I’m interested in getting a reality check on our household spending because I’m struggling to work out whether I’m being unreasonable or whether our costs really are out of line.
We’re a family of four plus a dog in the South East of England. One of our daughters is at university and isn’t home most of the time, and her spending isn’t included here as she has her own finances.
Our monthly spending is roughly:

  • Finances (mortgage, council tax, utilities, insurance, phones, broadband and other regular household bills): £1,833
  • Groceries: £869
  • Shopping (clothes, household items, Amazon, etc.): £583
  • Transport: £253
  • Eating out: £109
  • Home & Family: £78
  • General: £68
  • Children: £32
Total: around £3,825 per month. The grocery and shopping figures are what concern me most. I don’t actually do most of the food shopping or day-to-day purchases—my partner does. As the sole earner, I see the overall numbers each month and I’m finding it increasingly difficult to make the budget work. I’ve tried to have calm conversations about our spending and whether we could cut back, but they usually end in disagreement. From my perspective it’s becoming a financial issue; from hers it doesn’t seem to be viewed in the same way. Unfortunately it’s started to affect our relationship, and at the moment it feels more like we’re housemates than a family working towards the same goals. I’m genuinely looking for outside perspectives.
OP posts:
Easilyforgotten · Yesterday 11:02

At this point I don't think I'd be wanting to marry someone who was openly saying they'd leave me if they could, was not interested in having any meaningful conversation with me about anything, and was expecting me to bankroll them ad infinitum.
Presumably the OP's partner had autonomy to😊 agree to children without marriage, and also input into registry office v big do so I'm not sure OP is necessarily to blame for that.

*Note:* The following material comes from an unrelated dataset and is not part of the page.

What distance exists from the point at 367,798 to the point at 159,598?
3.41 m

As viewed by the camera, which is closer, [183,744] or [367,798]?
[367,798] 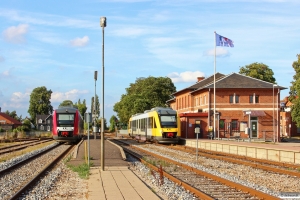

Grammarninja · Yesterday 16:42

Op, it sounds like you love her. Try to love her even a little bit more. I know it all seems awfully hard now but good times will come around again. She'll hopefully get back on track once she's over the health scare and manages to reinvent herself career-wise. Give her the time and grace she deserves as your partner in life through thick and thin.

ToohotToohotToohot · Yesterday 18:02

Grammarninja · Yesterday 16:42

Op, it sounds like you love her. Try to love her even a little bit more. I know it all seems awfully hard now but good times will come around again. She'll hopefully get back on track once she's over the health scare and manages to reinvent herself career-wise. Give her the time and grace she deserves as your partner in life through thick and thin.

Maybe she ought to love him though a bit more and stop getting themselves into near debt?

BestZebbie · Yesterday 23:39

As you asked, the usual reason that a SAHP feels undervalued and offended when a wage-earning parent asks them to contribute financially is because in their view they are already making at least an equal contribution of their labour to the household team (possibly many more hours of more physically demanding labour), and so this request strongly implies that none of that is actually being seen and valued by their supposed partner and they are instead being seen as contributing nothing.

In this case active SAHPing seems to have long past and so perhaps you should talk to her and understand what she specifically believes her current contribution is to your household team - it won't be nothing, but it might be illuminating to see what areas you have a mismatch of perception on.